> _TASK TO CARRY OUT_
Once the line holding "SALADA COM PEITO DE PERU LA VITA 200G" is found in the listing below, write it out and each later line exactly, up to and including the one holding "一圖讀懂｜關于人工智能與機器".

> _DATA EXCERPTS_

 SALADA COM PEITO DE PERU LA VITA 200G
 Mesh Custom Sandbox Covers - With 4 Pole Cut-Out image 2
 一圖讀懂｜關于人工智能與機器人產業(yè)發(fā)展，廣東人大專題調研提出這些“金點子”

--

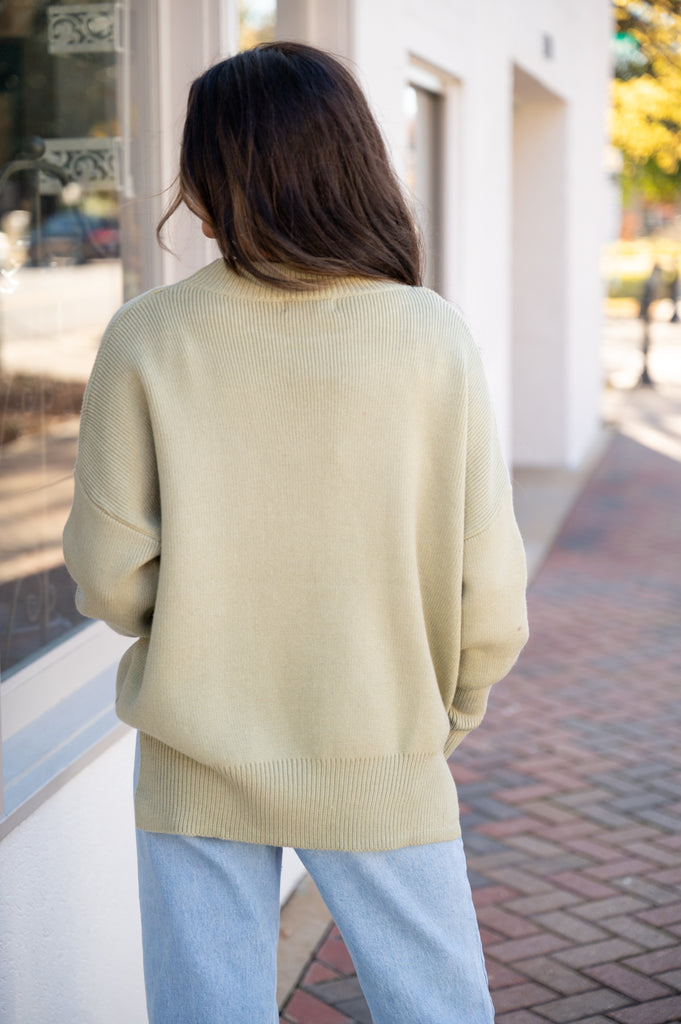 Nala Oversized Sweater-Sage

---

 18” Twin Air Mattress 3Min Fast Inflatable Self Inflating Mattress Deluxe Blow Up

> _WRITTEN RESPONSE_
 SALADA COM PEITO DE PERU LA VITA 200G
 Mesh Custom Sandbox Covers - With 4 Pole Cut-Out image 2
 一圖讀懂｜關于人工智能與機器人產業(yè)發(fā)展，廣東人大專題調研提出這些“金點子”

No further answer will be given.